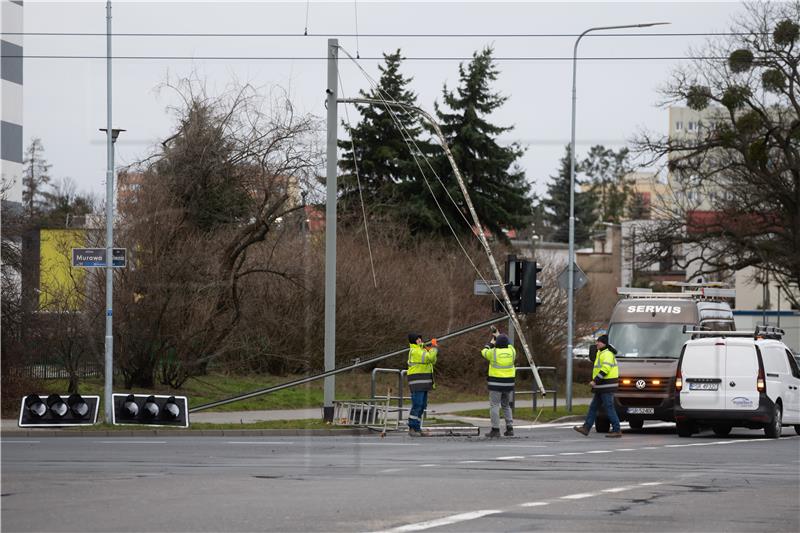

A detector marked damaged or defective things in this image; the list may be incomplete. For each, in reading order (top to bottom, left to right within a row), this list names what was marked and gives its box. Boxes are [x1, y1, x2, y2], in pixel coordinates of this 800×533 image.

bent metal pole [334, 96, 548, 394]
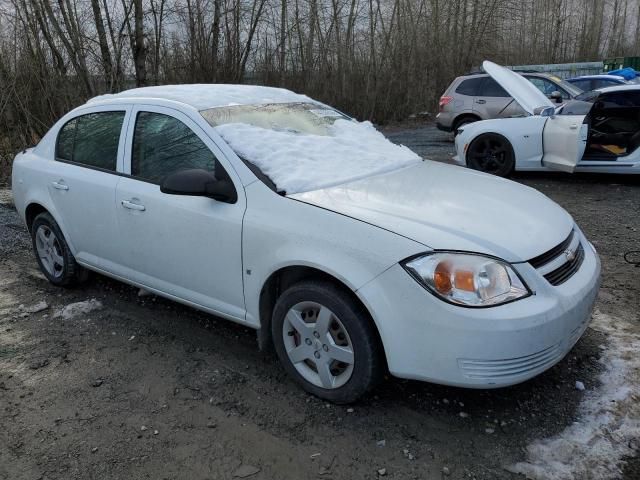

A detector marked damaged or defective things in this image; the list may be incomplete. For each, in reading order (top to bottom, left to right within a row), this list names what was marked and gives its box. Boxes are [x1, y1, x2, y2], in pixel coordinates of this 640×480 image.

damaged white car [10, 85, 600, 402]
damaged white car [452, 61, 640, 175]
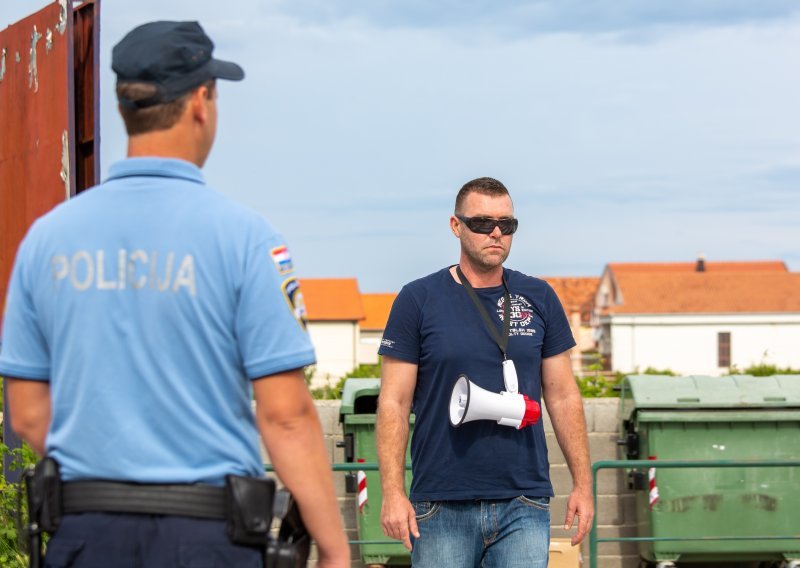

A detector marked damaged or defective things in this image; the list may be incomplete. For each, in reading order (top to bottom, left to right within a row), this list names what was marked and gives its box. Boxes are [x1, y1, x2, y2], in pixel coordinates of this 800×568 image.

rusty metal door [0, 0, 99, 310]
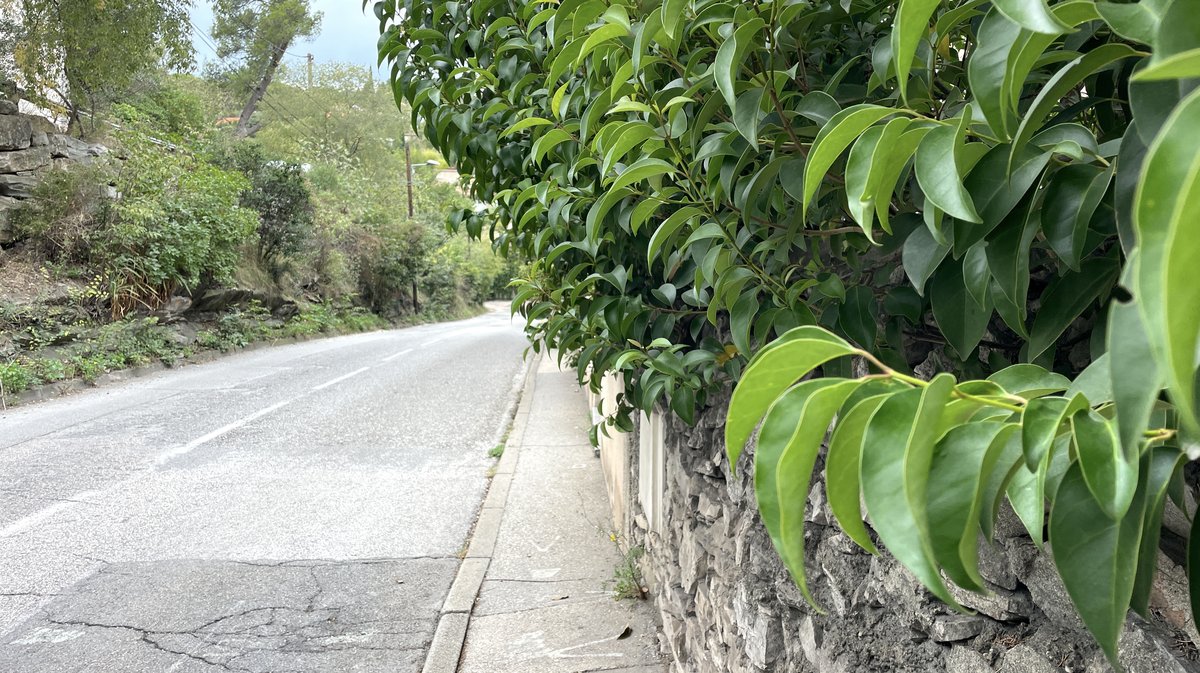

- - - - - - -

[EXERCISE INSTRUCTIONS]:
Leave the pictures out and retype only the lines from the line with "this 800×568 image." through the final line of the material, both ends included, word for word.

[TASK OUTPUT]:
A detector marked damaged or defective things in this image; the list may be incomplete. For each, in reading order (top to bottom, left to right within a row), this list names what was marked and gives its box. Boxes are [x1, y1, x2, y2], in pixel coordinates of this 800×568 image.

rusty metal door [0, 0, 99, 310]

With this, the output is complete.